EAF Form 4: 2,145 Vested DSUs, Post 1-for-10 Reverse Split
Rhea-AI Filing Summary
GrafTech International Ltd director Jean-Marc Germain reported receipt of 2,145.0858 deferred share units (DSUs) on 09/30/2025, each converting to one share of common stock. The filing notes DSUs are fully vested and will be settled in whole shares either upon termination of director service (no later than the end of that calendar year) or, if elected, in equal 20% annual installments over five years. The DSU amounts are shown on a post-split basis following the company's 1-for-10 reverse stock split effective 08/29/2025. After the transaction, the reporting person beneficially owned 15,262.7557 shares (direct). The Form 4 was signed by power of attorney on 10/02/2025.
Positive
- 2,145.0858 DSUs are fully vested, ensuring clear immediate entitlement to common shares
- DSU settlement terms are specified: immediate post-termination delivery or 20% annual installments
Negative
- 1-for-10 reverse stock split effective 08/29/2025 reduced share counts and required post-split adjustment of DSU amounts
Insights
Director received vested DSUs equivalent to 2,145.0858 shares; settlement and split noted.

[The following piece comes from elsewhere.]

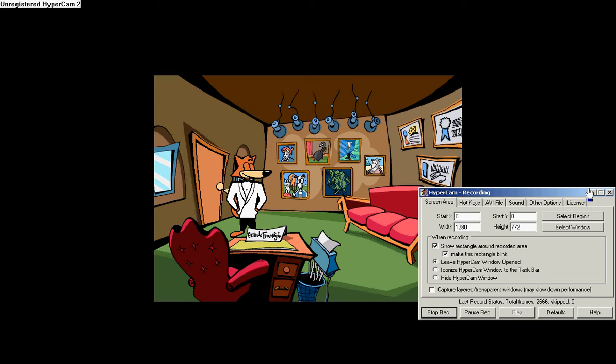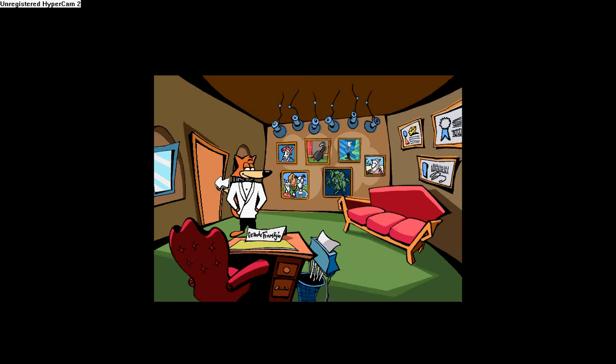Hello, this is the Sire of Zelda, and we are here playing Spy Fox and Dry Cereal. We just made it here, and we're exploring Kids Lab.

The filing documents a routine equity compensation event: grant/accrual of 2,145.0858 DSUs that are fully vested and convert one-for-one into common shares. The disclosure clarifies settlement timing options—either upon termination (no later than year-end) or in 20% annual installments over five years depending on election.

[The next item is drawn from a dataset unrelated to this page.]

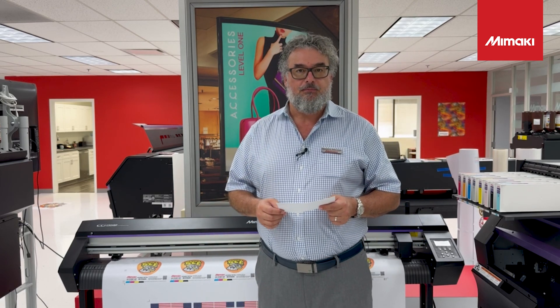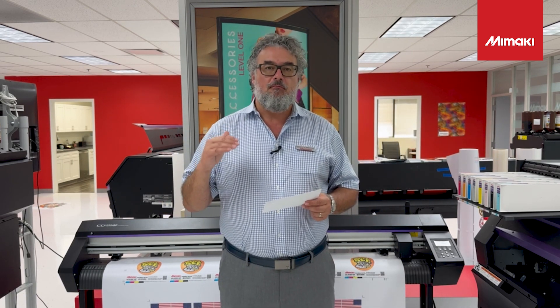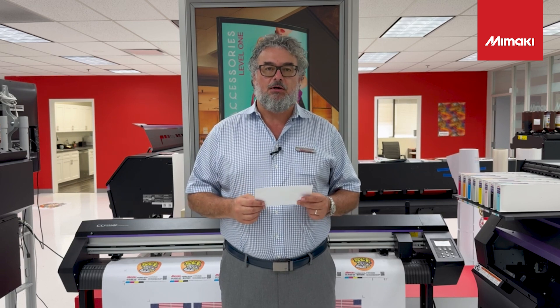The Mamaki cutters are overlooked sometimes, but Mamaki got its start building cutter plotters, so we've been doing this a long time. Here's my argument for this particular cutter plotter — the CG130AR. In my opinion, this is the best value for the money for an entry-level cutter on the market today.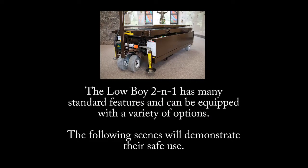The Lowboy 2-in-1 can be equipped with a variety of options. The following scenes will demonstrate their safe use.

The report also records a post-transaction beneficial ownership of 15,262.7557 shares and explicitly states the DSU amounts are adjusted for the company's 1-for-10 reverse stock split effective 08/29/2025. This is a standard director compensation disclosure and does not by itself indicate a change in control or extraordinary dilution.
Insider Trade Summary
| Type | Security | Shares | Price | Value |
|---|---|---|---|---|
| Grant/Award | Deferred Share Units | 2,145.086 | $0.00 | -- |
Footnotes (1)
- Each deferred share unit (DSU) represents a contingent right to receive one share of EAF common stock. On August 29, 2025, the Company effected a reverse stock split of the Company's issued common stock at a ratio of 1-for-10. As a result, the amount of DSUs reflected in this filing is on a post-split adjusted basis. DSUs are fully vested. Vested deferred share units will be settled in whole shares of common stock which will be delivered to the reporting person either (1) as soon as practicable after the reporting person terminates service as a director of the company but in any event no later than the end of the calendar year in which such termination date occurs or (2) in substantially equal 20% installments on the first five annual anniversaries of the date of termination of the reporting person's service as director, depending on the reporting person's election for the director year in which the DSUs were granted or accrued.